- Country: Mozambique
- Location: Cuamba, Niassa Province
- Coordinates: 14°48′01″S 36°30′22″E﻿ / ﻿14.80028°S 36.50611°E
- Status: Under construction
- Construction began: 2021
- Commission date: September 2023
- Owner: Cuamba Solar Company

Solar farm
- Type: Flat-panel PV

Power generation
- Nameplate capacity: 20 megawatts (27,000 hp)

= Cuamba Solar Power Station =

Solar farm in Mozambique

Cuamba Solar Power Station (CSPS), is a 20 MW solar power plant in Mozambique. The power station was developed by a consortium that comprises a British independent power producer and a Mauritian investor. A storage system consisting of lithium batteries with a capacity of 1.86 MVA/7.42 MW/h, is incorporated in the design. The storage system regulates the rate of delivery of the power into the national grid and thereby stabilize the network. TSK Group, a Spanish engineering and construction conglomerate was awarded the engineering, procurement, and construction (EPC) contract in May 2021.

==Location==
CSPS is located approximately 3 km, outside of the town of Cuamba, in Niassa Province, in the north of Mozambique. Cuamba is located approximately 347 km, by road, southeast of the city of Lichinga, the provincial capital. This is about 541 km, by road, west of the port city of Nacala, the nearest sea-port. The geographical location of Cuamba Solar Power Station are: 14°48'01.0"S, 36°30'22.0"E (Latitude:-14.800278; Longitude:36.506111).

==Overview==
The power station has a capacity of 20 megawatts, to be sold directly to the Electricidade de Moçambique (EDM), the state-owned electricity utility company, under a 25 year power purchase agreement.
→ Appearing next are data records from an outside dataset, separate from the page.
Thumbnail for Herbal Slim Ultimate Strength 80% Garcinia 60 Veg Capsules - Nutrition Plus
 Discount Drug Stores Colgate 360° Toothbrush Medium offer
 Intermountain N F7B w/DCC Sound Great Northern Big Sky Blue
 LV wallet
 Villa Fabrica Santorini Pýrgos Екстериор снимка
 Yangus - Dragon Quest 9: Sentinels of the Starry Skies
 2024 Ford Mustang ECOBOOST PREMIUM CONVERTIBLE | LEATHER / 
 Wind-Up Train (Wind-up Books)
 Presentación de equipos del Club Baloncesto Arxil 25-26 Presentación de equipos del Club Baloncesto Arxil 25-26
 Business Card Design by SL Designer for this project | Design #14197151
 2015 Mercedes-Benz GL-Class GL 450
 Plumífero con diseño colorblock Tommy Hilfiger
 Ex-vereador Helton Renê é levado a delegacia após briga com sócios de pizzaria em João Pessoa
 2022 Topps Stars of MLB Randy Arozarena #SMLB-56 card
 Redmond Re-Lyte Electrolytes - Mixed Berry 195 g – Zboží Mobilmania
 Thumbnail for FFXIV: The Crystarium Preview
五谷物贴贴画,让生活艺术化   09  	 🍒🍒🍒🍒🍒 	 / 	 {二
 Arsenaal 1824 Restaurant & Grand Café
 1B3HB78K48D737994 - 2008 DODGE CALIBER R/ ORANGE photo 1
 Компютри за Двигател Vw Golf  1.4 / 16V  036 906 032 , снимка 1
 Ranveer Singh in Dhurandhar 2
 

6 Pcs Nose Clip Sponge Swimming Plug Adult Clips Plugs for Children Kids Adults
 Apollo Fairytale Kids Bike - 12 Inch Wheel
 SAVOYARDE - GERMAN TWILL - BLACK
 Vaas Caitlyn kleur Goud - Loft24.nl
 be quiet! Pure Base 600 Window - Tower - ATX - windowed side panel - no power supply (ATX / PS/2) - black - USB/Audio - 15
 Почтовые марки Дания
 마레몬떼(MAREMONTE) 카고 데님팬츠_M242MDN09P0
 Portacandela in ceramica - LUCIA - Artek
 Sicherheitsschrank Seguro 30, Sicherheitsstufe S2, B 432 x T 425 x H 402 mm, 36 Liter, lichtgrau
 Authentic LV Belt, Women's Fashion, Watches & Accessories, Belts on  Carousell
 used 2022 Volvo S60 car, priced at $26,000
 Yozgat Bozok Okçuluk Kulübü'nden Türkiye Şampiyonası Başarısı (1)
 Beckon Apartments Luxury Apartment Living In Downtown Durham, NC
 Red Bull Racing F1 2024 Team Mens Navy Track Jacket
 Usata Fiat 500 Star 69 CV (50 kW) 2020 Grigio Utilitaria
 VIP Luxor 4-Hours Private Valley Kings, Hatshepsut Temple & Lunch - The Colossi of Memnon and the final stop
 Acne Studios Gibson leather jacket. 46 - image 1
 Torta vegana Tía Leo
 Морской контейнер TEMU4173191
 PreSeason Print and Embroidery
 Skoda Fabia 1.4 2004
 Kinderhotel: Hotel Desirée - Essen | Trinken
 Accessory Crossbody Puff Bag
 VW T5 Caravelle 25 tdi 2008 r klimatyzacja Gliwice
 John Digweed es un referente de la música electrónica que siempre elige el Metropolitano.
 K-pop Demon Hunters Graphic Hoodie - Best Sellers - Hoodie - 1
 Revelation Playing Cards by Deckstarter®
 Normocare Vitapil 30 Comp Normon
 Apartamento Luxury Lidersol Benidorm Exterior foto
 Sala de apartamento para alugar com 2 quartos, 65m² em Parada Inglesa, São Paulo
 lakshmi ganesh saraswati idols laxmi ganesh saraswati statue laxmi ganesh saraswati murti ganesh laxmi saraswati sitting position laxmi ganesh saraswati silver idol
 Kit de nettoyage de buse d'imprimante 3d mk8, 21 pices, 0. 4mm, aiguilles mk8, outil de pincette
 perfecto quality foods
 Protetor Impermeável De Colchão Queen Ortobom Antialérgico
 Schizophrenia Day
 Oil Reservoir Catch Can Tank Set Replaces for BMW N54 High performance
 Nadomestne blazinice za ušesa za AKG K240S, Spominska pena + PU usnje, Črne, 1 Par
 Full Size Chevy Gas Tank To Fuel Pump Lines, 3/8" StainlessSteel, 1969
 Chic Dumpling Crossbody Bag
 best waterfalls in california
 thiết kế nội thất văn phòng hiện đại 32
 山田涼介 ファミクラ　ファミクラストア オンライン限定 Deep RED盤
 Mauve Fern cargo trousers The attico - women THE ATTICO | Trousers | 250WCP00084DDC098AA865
The EPC contract includes the construction of a transmission line measuring 400 m, connecting this power station and its storage facility to an existing 33/110 kV substation, where the generated energy will enter the Mozambican national electricity grid. It is anticipated that the solar farm will enable the country forego the emissions of 630,000 tonnes of carbon dioxide (CO_{2}) over the next 25 years, effective the date of commercial commissioning.

==Developers==
The power station was developed by a special purpose vehicle company, which we will describe as Cuamba Solar Company (CSC). CSC owns the power station. For the first five years of the life of the power station, TSK Group of Spain, the EPC contractor will operate and maintain the power station, before handing over to the owners. The table below illustrates the shareholding in the special purpose vehicle entity.

Shareholding in Cuamba Solar Company
| Rank | Shareholder | Domicile | Description | Notes |
| 1 | Globeleq | United Kingdom | Independent Power Producer |  |
| 2 | Source Capital | Mauritius | Investment Fund |

==Construction cost, funding and time table==
The cost of construction is reported as US$36 million. Loan support was provided by Emerging Africa Infrastructure Fund (EAIF) ($19 million) and Viability Gap Funding (VGF) ($7 million). EAIF and VGF are both subsidiaries of the Private Infrastructure Development Group (PIDG). The power station was commercially commissioned in September 2023.